> [Instructions to follow]: An exact copy of every line from the one holding "Opel Grandland X" to the end of the entries below is required; leave the pictures out.

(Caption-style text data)

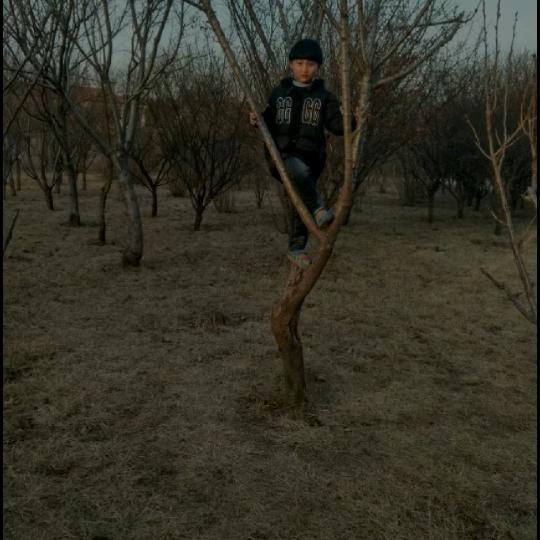 用户816884572192忍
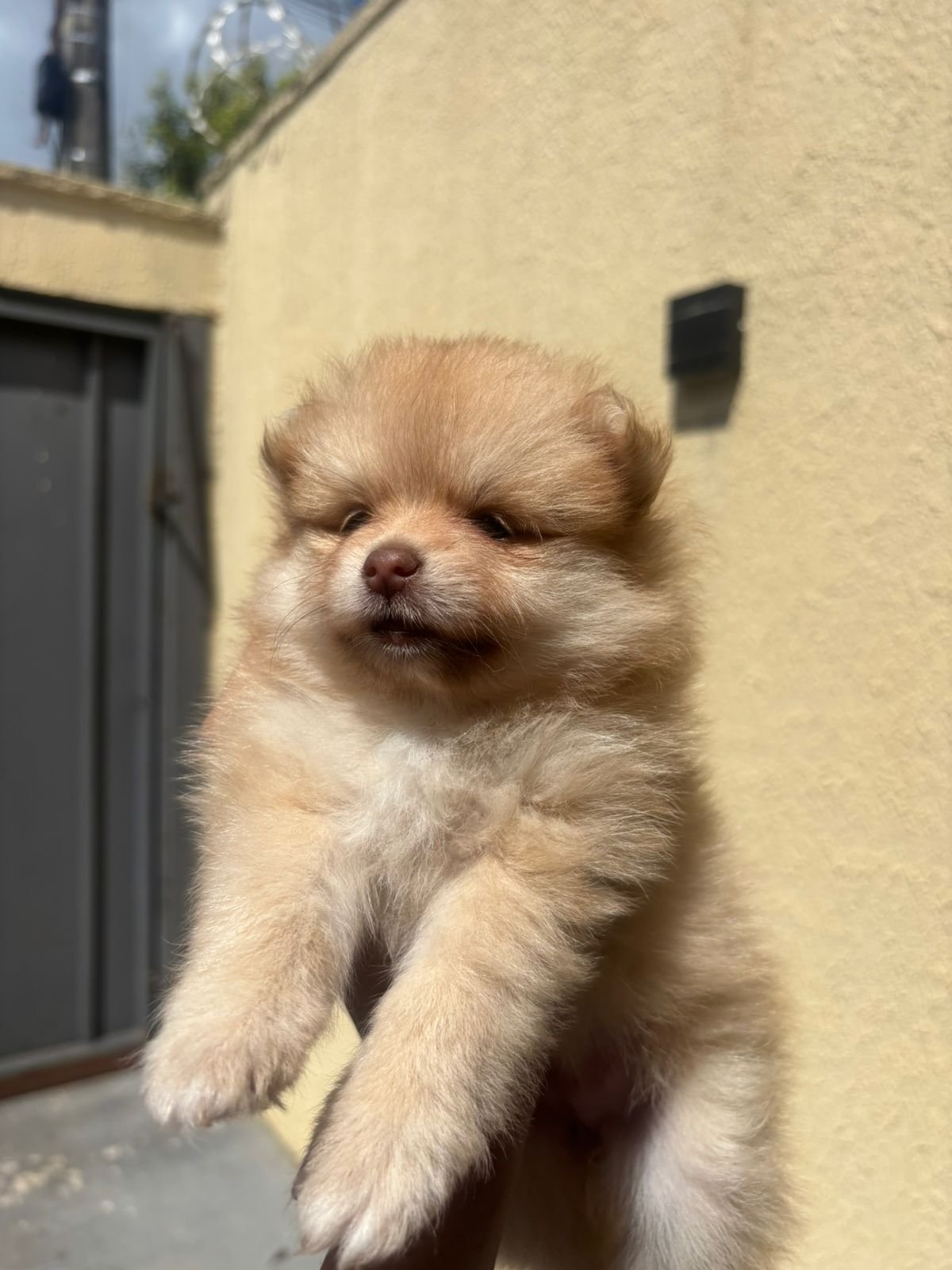 filhote de spitz alemão macho e femea - Foto 4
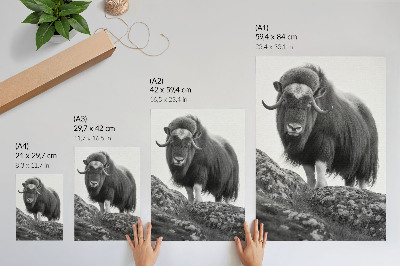 Poster Black and white animal raw nature elegance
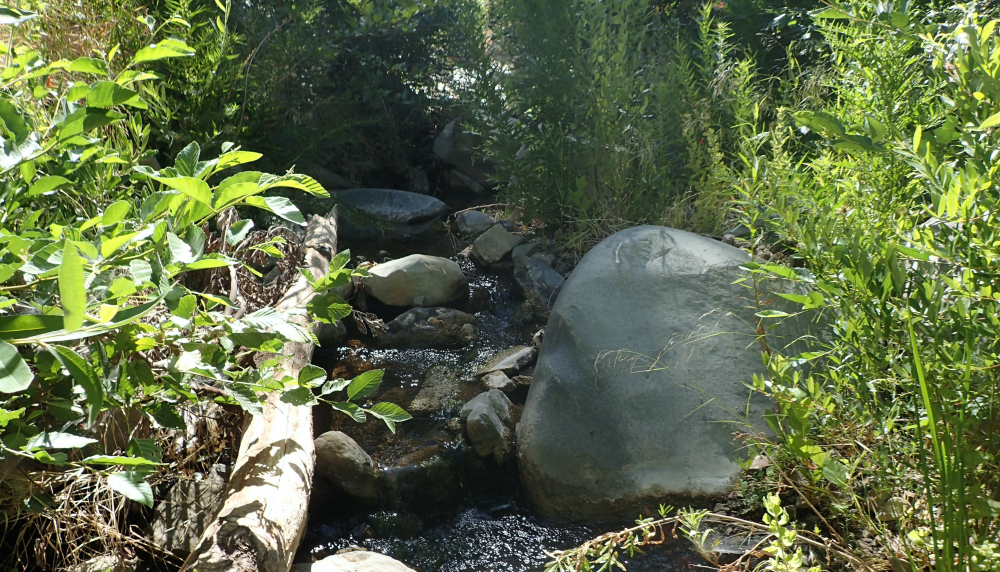 A small creek flows over rocks and logs surrounded by lush vegetation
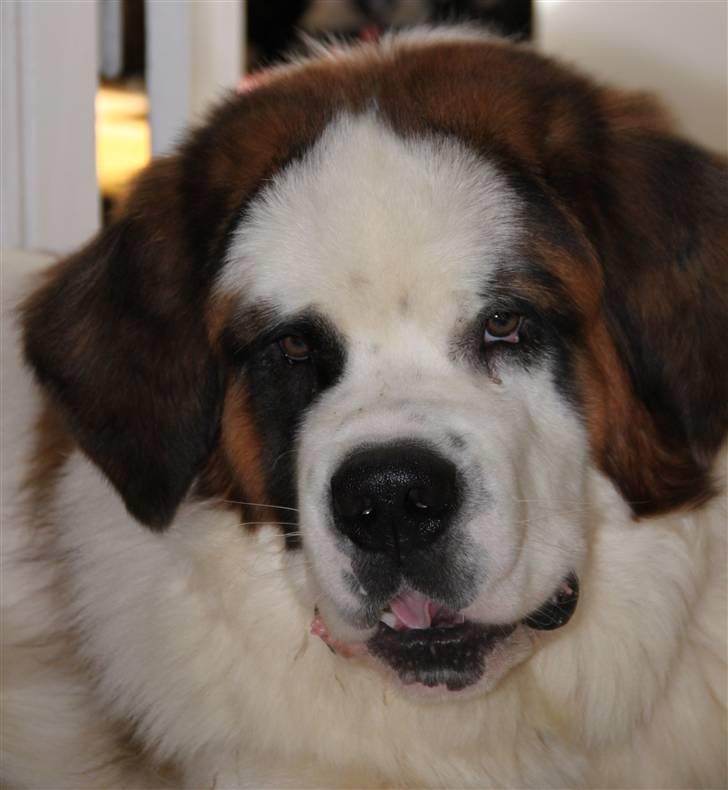 Sankt bernhardshund Samson * MIN MORS* billede 11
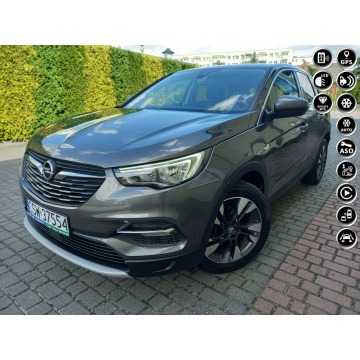 Opel Grandland X - Benz Ledy ParkAssist Pół-Skóry Duża Navi Elektr.Klapa 100%Bezwypadkowy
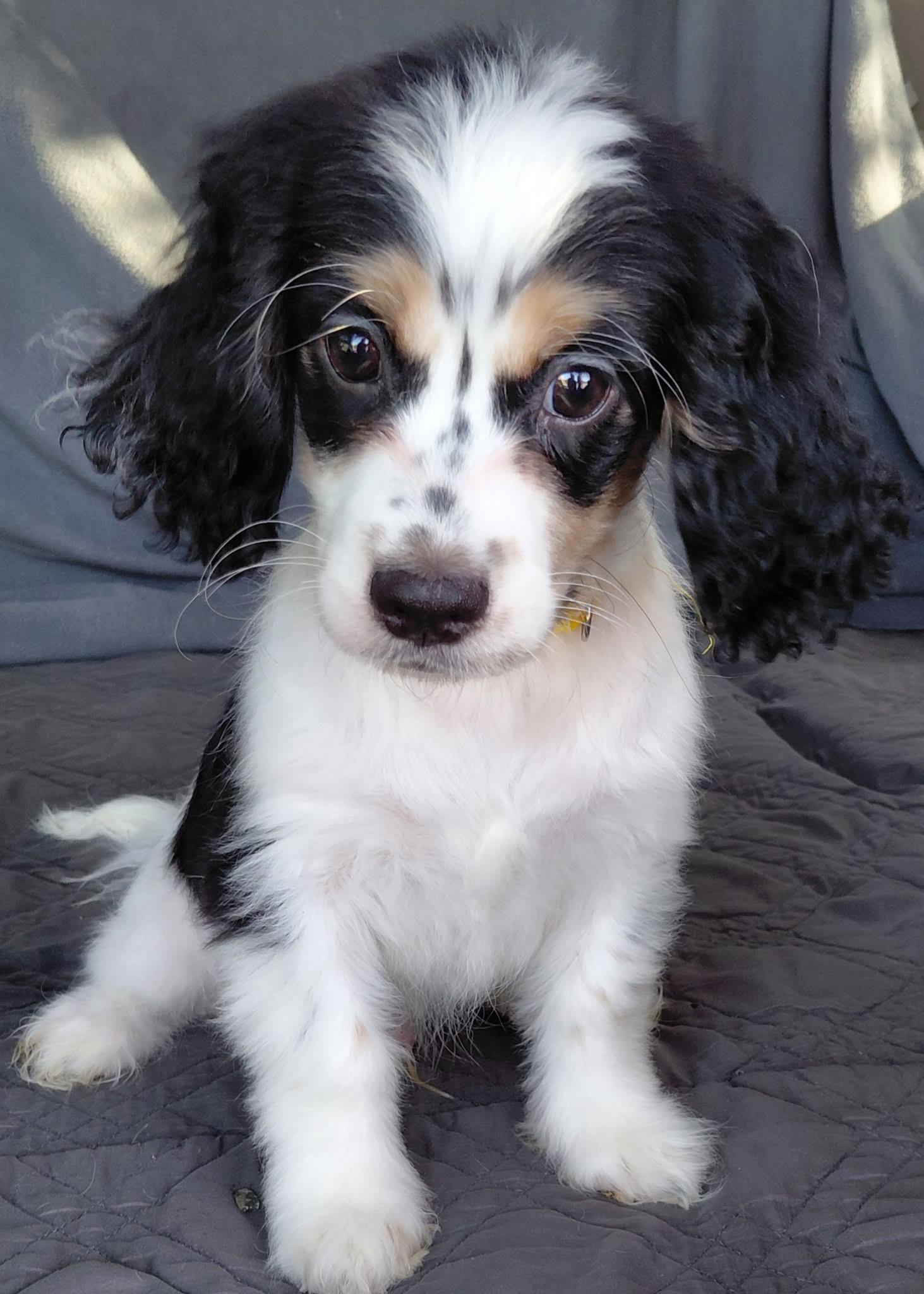 Enlarge Louie, a ADOPTABLE mixed breed in Oakland, CA image 3/3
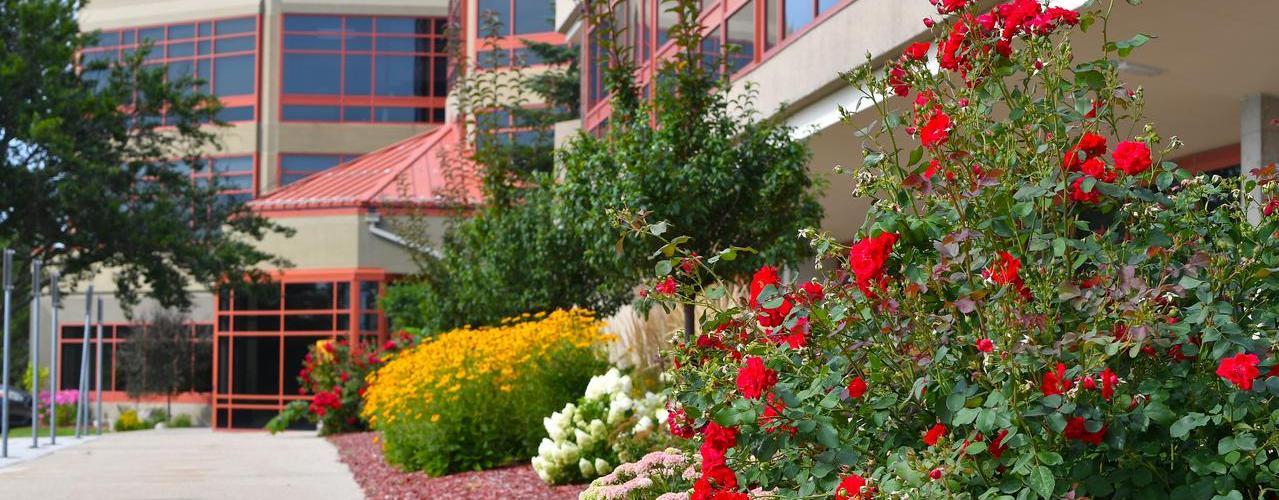 Campus entrance with flowers in bloom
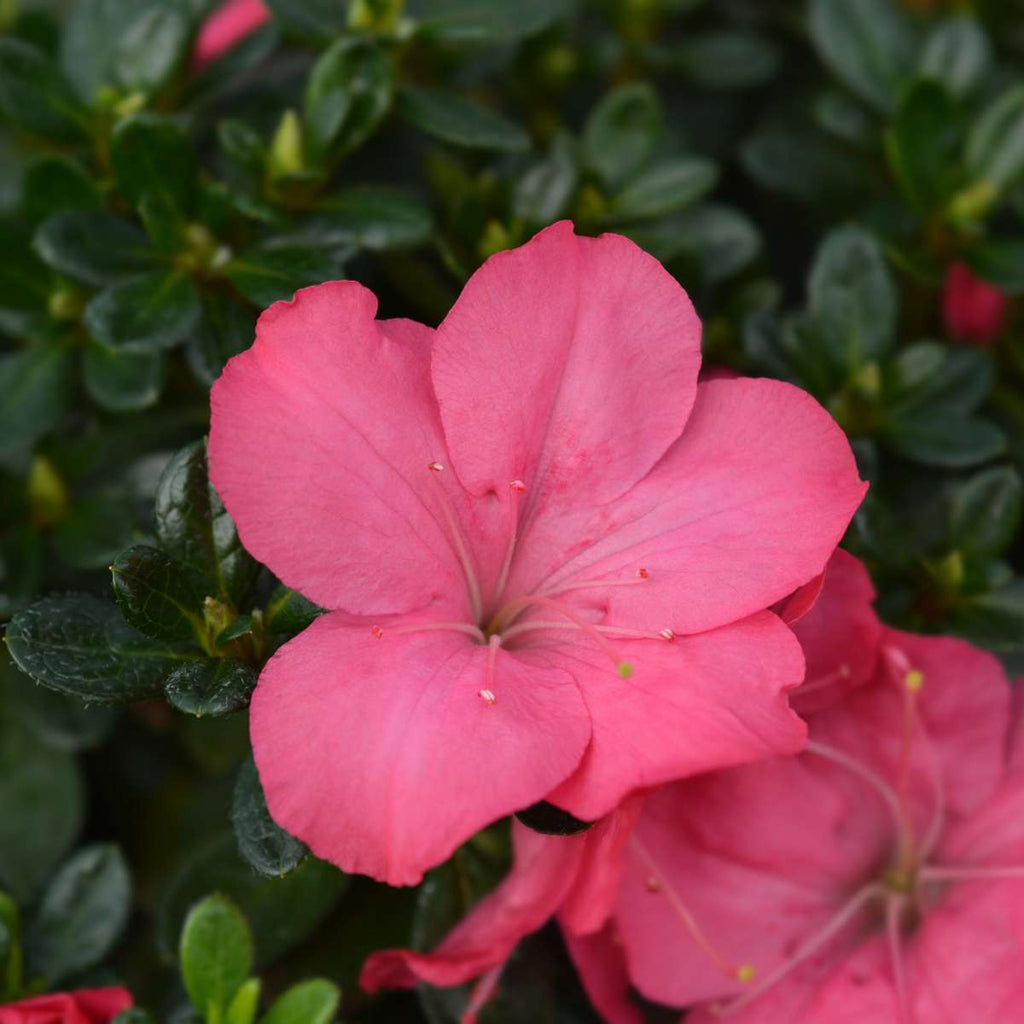 Azalea - 4 pcs. - Rhododendron azalea 'Anouk' - Height 25-40cm - ⌀17cm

> [Solved exercise]:
 Opel Grandland X - Benz Ledy ParkAssist Pół-Skóry Duża Navi Elektr.Klapa 100%Bezwypadkowy
 Enlarge Louie, a ADOPTABLE mixed breed in Oakland, CA image 3/3
 Campus entrance with flowers in bloom
 Azalea - 4 pcs. - Rhododendron azalea 'Anouk' - Height 25-40cm - ⌀17cm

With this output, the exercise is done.